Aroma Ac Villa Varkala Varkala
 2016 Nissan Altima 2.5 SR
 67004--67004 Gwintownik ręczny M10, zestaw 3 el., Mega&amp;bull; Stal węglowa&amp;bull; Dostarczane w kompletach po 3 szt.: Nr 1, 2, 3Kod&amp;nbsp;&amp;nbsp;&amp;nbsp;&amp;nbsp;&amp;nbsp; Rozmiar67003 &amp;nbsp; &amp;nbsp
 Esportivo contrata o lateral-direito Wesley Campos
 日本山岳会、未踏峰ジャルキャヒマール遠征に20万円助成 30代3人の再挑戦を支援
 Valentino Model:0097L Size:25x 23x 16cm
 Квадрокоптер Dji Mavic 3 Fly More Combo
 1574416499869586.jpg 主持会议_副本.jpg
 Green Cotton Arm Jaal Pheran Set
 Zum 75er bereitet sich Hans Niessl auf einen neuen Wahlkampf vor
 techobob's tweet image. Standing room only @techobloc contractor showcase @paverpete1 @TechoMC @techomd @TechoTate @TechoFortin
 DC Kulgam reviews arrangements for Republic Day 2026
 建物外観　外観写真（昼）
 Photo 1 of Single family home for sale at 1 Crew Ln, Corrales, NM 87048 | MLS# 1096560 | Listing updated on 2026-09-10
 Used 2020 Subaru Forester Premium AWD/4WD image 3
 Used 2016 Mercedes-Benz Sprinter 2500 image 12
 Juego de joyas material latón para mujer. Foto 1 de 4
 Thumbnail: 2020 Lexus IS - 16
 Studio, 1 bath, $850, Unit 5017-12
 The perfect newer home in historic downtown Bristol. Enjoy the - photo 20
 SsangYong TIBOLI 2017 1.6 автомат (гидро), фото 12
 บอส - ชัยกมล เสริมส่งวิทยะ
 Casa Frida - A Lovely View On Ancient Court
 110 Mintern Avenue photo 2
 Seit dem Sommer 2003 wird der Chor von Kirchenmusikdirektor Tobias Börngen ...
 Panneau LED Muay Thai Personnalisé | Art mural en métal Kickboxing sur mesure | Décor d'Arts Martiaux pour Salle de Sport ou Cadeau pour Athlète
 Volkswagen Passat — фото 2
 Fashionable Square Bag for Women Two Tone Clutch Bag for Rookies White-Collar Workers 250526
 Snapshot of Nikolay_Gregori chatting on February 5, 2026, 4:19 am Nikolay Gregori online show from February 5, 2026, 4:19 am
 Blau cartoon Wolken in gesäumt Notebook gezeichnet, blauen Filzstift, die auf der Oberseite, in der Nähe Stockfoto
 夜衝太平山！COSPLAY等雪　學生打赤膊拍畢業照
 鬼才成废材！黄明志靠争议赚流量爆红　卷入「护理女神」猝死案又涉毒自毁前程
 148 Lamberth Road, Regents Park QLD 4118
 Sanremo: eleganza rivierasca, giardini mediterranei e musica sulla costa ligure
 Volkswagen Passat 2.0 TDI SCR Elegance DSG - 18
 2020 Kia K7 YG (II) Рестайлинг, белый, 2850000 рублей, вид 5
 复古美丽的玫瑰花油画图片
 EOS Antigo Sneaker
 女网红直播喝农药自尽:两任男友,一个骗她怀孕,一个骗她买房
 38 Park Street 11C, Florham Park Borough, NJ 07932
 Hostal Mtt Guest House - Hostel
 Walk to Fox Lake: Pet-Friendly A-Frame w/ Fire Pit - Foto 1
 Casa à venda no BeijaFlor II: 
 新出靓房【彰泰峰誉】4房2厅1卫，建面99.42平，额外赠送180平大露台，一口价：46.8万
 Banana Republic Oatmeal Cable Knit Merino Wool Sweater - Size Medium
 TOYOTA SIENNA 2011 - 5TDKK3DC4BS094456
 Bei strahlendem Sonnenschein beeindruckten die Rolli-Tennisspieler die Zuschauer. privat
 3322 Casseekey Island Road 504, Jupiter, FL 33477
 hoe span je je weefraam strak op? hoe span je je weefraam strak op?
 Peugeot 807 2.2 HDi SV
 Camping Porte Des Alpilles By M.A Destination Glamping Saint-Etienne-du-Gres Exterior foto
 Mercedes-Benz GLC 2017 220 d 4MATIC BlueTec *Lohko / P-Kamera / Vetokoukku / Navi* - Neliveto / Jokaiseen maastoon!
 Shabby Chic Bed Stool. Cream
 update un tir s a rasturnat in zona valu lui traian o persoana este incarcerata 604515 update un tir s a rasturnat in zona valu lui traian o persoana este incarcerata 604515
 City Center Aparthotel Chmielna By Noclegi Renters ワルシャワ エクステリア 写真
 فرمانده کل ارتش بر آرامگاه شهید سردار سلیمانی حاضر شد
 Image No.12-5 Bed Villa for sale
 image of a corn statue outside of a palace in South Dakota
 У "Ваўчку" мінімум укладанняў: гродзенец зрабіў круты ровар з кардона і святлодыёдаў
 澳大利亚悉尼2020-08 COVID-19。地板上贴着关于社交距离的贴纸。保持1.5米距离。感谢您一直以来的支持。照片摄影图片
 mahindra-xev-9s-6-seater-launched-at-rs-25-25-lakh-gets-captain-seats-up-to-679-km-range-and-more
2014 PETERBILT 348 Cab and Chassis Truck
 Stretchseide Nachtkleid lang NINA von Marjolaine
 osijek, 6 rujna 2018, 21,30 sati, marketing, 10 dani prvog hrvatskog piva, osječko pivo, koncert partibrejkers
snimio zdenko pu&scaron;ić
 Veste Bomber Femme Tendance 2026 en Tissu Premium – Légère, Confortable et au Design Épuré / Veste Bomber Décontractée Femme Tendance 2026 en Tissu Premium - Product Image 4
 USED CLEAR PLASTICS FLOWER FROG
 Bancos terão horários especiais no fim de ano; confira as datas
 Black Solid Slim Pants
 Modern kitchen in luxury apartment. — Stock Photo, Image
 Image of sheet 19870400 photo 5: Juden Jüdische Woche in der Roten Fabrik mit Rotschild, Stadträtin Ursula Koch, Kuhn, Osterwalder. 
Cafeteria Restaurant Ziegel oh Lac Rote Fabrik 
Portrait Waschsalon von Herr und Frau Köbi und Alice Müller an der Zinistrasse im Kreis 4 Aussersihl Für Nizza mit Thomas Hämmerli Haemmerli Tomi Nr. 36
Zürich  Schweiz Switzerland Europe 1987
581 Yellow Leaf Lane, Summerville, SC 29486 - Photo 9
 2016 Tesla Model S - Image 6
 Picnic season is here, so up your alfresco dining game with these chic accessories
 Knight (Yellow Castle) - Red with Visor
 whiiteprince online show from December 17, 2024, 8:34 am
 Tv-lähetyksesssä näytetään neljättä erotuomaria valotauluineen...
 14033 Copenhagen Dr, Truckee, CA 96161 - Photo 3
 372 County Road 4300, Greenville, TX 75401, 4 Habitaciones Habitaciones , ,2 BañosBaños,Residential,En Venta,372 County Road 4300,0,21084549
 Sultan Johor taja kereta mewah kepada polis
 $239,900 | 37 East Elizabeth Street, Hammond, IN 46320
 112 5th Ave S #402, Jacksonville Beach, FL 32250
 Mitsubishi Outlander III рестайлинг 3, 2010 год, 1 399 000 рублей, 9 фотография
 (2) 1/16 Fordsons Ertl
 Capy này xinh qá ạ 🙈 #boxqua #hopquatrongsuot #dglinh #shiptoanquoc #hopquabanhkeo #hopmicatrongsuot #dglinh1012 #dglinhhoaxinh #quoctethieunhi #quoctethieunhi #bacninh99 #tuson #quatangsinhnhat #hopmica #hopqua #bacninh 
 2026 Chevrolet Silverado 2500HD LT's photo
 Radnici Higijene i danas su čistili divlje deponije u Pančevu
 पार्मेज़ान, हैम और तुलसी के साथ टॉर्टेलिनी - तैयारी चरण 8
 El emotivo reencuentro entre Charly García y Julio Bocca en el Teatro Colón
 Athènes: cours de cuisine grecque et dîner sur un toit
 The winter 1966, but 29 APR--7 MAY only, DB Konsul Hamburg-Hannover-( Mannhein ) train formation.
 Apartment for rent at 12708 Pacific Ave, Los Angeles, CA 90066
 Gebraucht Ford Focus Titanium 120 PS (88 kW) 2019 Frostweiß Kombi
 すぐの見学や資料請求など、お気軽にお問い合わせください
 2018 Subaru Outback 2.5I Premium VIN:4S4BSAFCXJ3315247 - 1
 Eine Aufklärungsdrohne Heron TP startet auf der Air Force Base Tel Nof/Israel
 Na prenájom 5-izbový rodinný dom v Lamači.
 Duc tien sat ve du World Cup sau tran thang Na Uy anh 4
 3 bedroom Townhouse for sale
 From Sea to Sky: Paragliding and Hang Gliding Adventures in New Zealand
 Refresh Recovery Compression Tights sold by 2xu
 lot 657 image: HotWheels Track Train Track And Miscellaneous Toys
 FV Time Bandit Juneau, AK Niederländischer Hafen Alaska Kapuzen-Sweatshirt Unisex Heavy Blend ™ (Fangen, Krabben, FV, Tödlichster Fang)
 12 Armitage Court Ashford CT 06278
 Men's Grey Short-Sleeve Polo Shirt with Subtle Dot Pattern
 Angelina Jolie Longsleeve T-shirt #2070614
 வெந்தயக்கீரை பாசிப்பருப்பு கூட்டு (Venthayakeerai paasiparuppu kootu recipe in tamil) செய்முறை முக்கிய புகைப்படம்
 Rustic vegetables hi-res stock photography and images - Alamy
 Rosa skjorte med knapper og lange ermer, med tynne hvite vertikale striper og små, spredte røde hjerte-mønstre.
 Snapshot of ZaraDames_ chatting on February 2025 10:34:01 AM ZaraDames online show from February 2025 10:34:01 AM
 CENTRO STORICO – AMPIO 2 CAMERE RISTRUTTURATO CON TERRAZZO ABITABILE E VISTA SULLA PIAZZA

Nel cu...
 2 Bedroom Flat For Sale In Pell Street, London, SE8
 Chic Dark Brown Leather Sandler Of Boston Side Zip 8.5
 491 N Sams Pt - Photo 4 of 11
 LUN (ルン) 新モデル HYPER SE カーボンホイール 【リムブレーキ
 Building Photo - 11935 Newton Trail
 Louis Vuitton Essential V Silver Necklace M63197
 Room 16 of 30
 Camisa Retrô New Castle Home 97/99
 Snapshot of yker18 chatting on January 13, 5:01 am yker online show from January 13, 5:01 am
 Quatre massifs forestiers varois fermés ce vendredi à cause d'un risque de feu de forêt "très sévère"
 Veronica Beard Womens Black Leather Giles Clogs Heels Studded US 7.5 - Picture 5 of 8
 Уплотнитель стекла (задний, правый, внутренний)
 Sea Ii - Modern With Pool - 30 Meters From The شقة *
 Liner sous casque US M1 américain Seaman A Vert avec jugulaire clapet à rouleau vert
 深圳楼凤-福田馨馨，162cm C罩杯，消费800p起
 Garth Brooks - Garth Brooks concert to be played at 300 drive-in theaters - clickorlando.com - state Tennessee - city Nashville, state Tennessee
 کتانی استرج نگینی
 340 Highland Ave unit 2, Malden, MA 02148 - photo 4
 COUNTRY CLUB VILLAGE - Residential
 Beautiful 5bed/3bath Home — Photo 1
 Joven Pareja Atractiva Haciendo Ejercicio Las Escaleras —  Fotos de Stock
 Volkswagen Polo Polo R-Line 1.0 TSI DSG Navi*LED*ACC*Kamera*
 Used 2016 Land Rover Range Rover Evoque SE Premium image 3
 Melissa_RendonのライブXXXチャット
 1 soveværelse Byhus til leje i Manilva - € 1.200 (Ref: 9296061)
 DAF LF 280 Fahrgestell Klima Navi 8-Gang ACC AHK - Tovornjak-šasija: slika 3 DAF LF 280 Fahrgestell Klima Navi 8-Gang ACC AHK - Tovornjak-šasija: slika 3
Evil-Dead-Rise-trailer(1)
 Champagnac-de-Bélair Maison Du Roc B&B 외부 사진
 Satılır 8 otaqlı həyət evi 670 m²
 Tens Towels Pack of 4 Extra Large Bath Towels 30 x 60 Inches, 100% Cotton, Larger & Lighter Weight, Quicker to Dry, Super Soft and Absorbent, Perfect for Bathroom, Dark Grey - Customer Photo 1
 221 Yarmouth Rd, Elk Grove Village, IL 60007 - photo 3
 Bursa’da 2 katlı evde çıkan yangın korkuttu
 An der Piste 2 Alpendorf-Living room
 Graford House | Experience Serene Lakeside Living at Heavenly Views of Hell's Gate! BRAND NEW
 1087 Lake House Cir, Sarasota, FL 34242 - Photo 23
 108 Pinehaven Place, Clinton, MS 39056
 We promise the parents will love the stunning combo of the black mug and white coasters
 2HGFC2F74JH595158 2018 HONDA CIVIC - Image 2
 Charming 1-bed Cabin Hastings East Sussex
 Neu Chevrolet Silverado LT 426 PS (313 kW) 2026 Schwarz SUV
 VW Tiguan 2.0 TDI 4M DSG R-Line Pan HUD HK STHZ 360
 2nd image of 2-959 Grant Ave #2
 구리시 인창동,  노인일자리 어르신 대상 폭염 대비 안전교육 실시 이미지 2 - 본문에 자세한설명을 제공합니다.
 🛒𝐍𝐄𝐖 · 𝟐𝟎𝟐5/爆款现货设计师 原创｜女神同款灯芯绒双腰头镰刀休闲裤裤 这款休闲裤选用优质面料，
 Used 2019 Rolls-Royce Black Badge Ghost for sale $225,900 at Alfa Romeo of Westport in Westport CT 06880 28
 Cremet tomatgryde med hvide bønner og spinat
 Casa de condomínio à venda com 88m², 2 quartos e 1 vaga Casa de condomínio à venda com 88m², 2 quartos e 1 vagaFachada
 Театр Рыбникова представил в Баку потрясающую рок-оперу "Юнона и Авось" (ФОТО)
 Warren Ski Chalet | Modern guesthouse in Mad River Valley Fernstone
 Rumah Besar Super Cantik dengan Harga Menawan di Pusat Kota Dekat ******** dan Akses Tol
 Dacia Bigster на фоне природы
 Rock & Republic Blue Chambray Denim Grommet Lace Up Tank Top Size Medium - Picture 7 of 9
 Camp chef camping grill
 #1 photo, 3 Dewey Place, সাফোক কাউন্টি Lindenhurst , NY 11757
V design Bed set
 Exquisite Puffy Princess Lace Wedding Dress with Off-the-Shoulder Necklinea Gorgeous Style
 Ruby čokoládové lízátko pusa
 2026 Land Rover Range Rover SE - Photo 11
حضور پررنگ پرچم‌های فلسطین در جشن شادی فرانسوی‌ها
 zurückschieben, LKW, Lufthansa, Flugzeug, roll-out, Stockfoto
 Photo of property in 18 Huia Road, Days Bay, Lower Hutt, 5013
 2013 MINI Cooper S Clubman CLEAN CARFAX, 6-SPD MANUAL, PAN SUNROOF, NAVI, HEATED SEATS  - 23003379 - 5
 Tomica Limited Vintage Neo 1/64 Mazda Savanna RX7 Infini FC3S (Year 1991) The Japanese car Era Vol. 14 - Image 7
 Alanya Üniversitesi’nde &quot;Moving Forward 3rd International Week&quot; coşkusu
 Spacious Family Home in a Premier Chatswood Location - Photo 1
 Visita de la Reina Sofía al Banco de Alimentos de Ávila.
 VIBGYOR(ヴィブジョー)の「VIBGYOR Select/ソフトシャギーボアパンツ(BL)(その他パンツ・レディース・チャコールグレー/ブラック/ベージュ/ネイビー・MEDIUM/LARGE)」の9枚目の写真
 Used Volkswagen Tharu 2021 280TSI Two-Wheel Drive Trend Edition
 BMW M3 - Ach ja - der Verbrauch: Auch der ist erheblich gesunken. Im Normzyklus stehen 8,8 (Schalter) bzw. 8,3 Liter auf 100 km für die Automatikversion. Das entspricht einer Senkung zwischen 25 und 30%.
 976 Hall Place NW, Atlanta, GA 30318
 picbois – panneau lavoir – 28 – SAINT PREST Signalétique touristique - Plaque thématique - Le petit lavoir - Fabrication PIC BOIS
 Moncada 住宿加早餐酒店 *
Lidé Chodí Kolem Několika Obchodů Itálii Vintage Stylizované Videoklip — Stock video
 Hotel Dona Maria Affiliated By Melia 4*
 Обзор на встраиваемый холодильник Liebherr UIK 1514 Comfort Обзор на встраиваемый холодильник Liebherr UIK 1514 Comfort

# # # # #

[TASK TO CARRY OUT]
Start at the line containing "Moncada 住宿加早餐酒店 *". Repeat it and each line after it, word for word, to the end of the records.

[SOLUTION FOR THIS PROBLEM]
 Moncada 住宿加早餐酒店 *
Lidé Chodí Kolem Několika Obchodů Itálii Vintage Stylizované Videoklip — Stock video
 Hotel Dona Maria Affiliated By Melia 4*
 Обзор на встраиваемый холодильник Liebherr UIK 1514 Comfort Обзор на встраиваемый холодильник Liebherr UIK 1514 Comfort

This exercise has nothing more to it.